* Work request: Please set down, with no changes, every line of the material below from the one containing "Acne Studios Tシャツ" through the end. Skip the pictures.

* Exercise data:

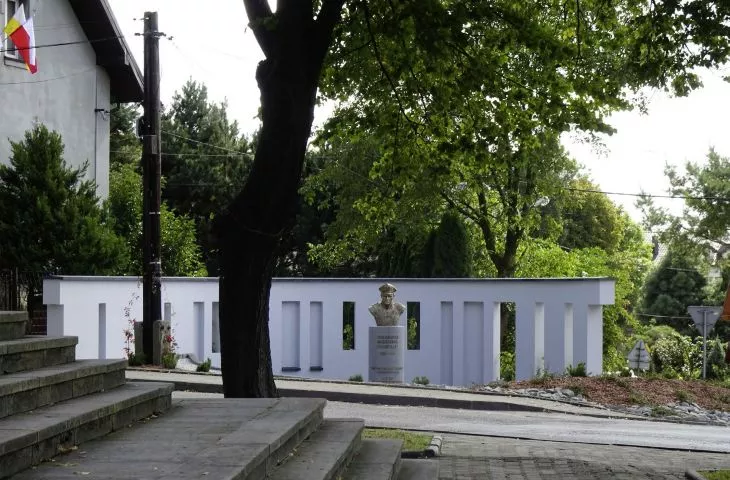 PP03-Otoczenie pomnika ks. Hm Mariana Luzara w Trzebini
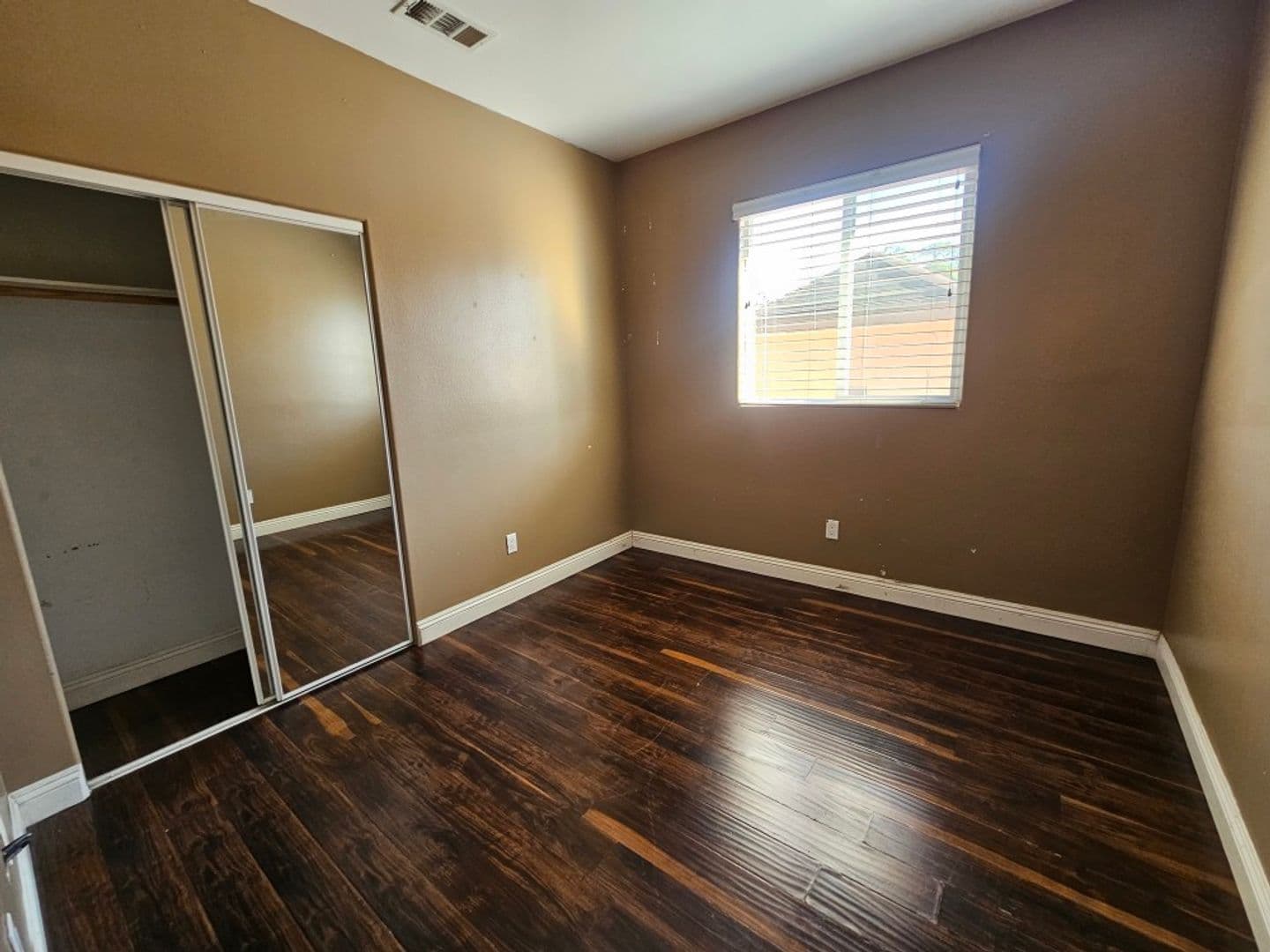 Los Angeles Apartment: 6629 Denver ave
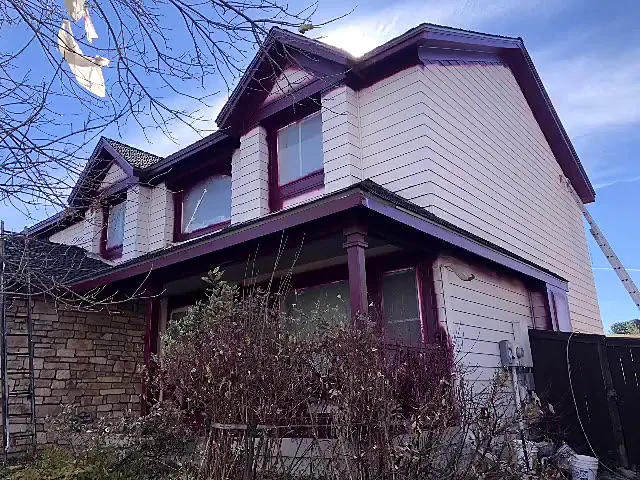 Exterior house painting by Red Barn Painting
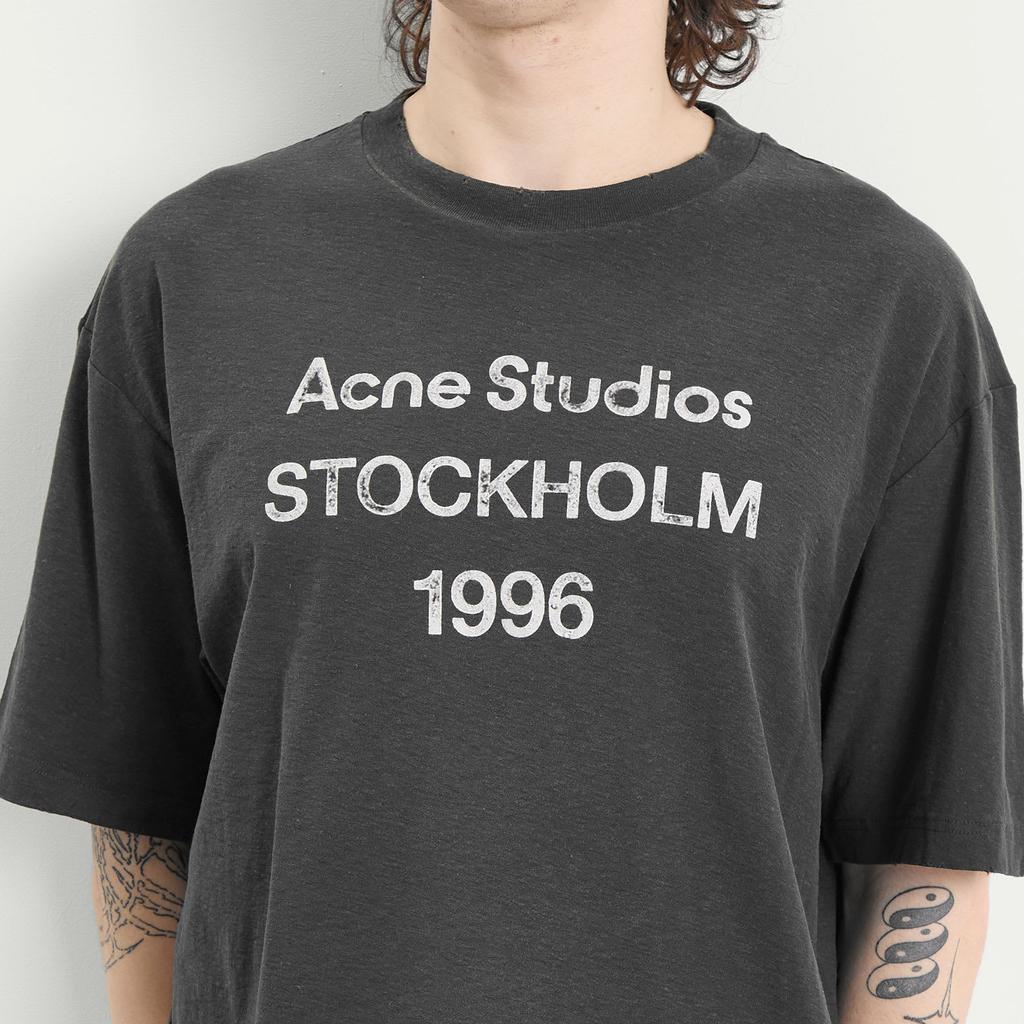 Acne Studios Tシャツ 1996 ダークグレー Acne Studios Acne Studios Exford 1996 T-Shirt - Free Shipping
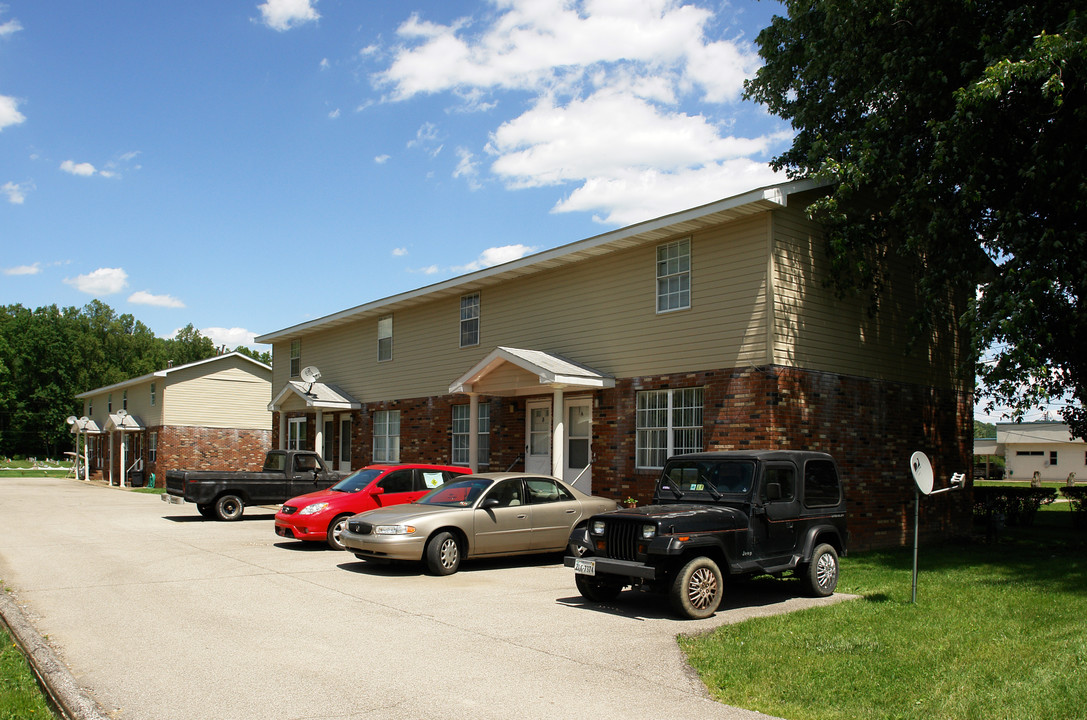 952 Roosevelt Blvd in Red House, WV - Building Photo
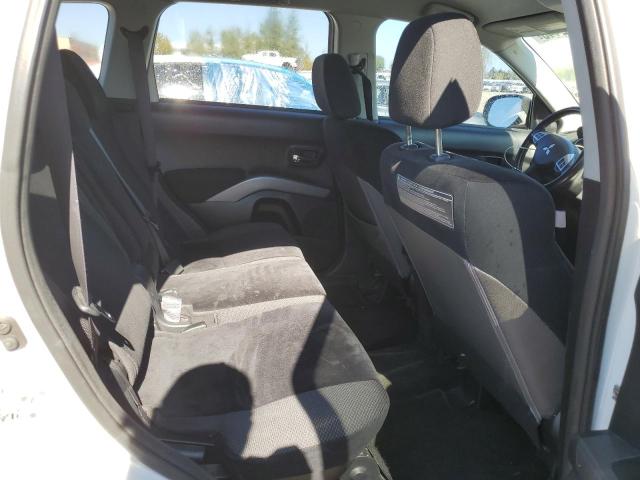 Photo 11 from auction – 2010 MITSUBISHI OUTLANDER with VIN JA4JT3AX8AZ609000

* Output for this exercise:
 Acne Studios Tシャツ 1996 ダークグレー Acne Studios Acne Studios Exford 1996 T-Shirt - Free Shipping
 952 Roosevelt Blvd in Red House, WV - Building Photo
 Photo 11 from auction – 2010 MITSUBISHI OUTLANDER with VIN JA4JT3AX8AZ609000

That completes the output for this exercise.